Neo-Nazis are still on Facebook. And they’re making money

By ERIKA KINETZ

This image captured from the Battle of the Nibelungs Facebook page on Friday, Sept. 24, 2021 shows items for sale featuring the right-wing extremist group’s name and logo. The Battle of the Nibelungs, or Kampf der Nibelungen, is the premiere martial arts brand in Europe for right-wing extremists. German authorities have twice banned their signature tournament. But the group still maintains multiple pages on Facebook, Instagram and YouTube, which they use to spread their ideology, draw in recruits and make money. (AP Photo)


BRUSSELS (AP) — It’s the premier martial arts group in Europe for right-wing extremists. German authorities have twice banned their signature tournament. But Kampf der Nibelungen, or Battle of the Nibelungs, still thrives on Facebook, where organizers maintain multiple pages, as well as on Instagram and YouTube, which they use to spread their ideology, draw in recruits and make money through ticket sales and branded merchandise.

The Battle of the Nibelungs — a reference to a classic heroic epic much loved by the Nazis — is one of dozens of far-right groups that continue to leverage mainstream social media for profit, despite Facebook’s and other platforms’ repeated pledges to purge themselves of extremism.

All told, there are at least 54 Facebook profiles belonging to 39 entities that the German government and civil society groups have flagged as extremist, according to research shared with The Associated Press by the Counter Extremism Project, a non-profit policy and advocacy group formed to combat extremism. The groups have nearly 268,000 subscribers and friends on Facebook alone.

CEP also found 39 related Instagram profiles, 16 Twitter profiles and 34 YouTube channels, which have gotten over 9.5 million views. Nearly 60% of the profiles were explicitly aimed at making money, displaying prominent links to online shops or photos promoting merchandise.

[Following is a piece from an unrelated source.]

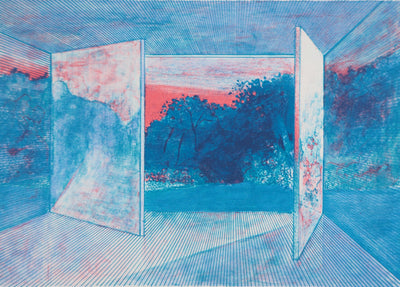 Pierre GARCIA-FONS : Intérieur surréaliste et jardin bleu, Lithographie originale (photo de détail 2) - Crédit photo : Galerie Art.Paris
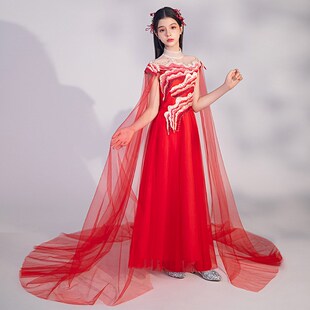 女童弹古筝演出服中国风艺考红色主持表演服水墨千里江山儿童礼服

Click on the big blue “view shop” button on the Erik & Sons Facebook page and you can buy a T-shirt that says, “My favorite color is white,” for 20 euros ($23). Deutsches Warenhaus offers “Refugees not welcome” stickers for just 2.50 euros ($3) and Aryan Brotherhood tube scarves with skull faces for 5.88 euros ($7). The Facebook feed of OPOS Records promotes new music and merchandise, including “True Aggression,” “Pride & Dignity,” and “One Family” T-shirts. The brand, which stands for “One People One Struggle,” also links to its online shop from Twitter and Instagram.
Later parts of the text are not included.